- _WHAT YOU WILL DO_
Only certain lines below are wanted: those starting at the line containing "close up portrait" and ending at the line containing "kate spade Glossy", both included, each retyped exactly.

─── RAW DATA

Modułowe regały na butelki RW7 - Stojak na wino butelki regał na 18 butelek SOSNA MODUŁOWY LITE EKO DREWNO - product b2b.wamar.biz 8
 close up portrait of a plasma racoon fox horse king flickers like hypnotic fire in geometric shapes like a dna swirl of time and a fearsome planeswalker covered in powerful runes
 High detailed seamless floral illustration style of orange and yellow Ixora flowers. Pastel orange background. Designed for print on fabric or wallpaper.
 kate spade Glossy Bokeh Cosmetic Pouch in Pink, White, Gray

──────
─── RAW DATA

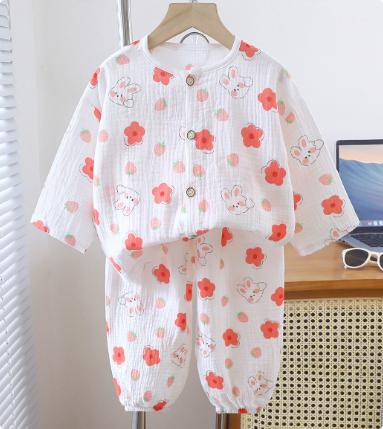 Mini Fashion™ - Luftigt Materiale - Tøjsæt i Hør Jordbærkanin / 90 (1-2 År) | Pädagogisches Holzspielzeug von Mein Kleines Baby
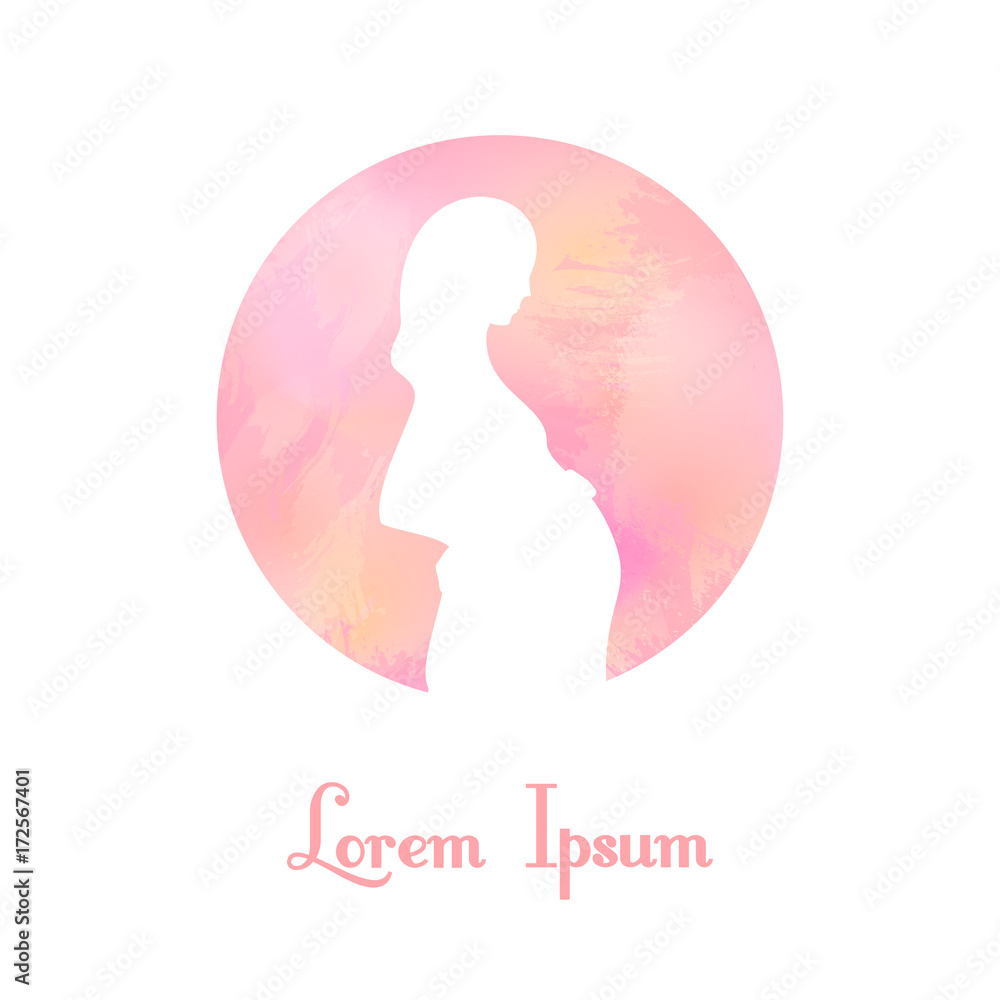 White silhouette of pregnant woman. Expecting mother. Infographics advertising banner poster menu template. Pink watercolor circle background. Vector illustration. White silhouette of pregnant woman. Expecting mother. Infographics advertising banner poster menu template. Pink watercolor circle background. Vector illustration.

──────

- _SOLUTION FOR THIS TASK_
 close up portrait of a plasma racoon fox horse king flickers like hypnotic fire in geometric shapes like a dna swirl of time and a fearsome planeswalker covered in powerful runes
 High detailed seamless floral illustration style of orange and yellow Ixora flowers. Pastel orange background. Designed for print on fabric or wallpaper.
 kate spade Glossy Bokeh Cosmetic Pouch in Pink, White, Gray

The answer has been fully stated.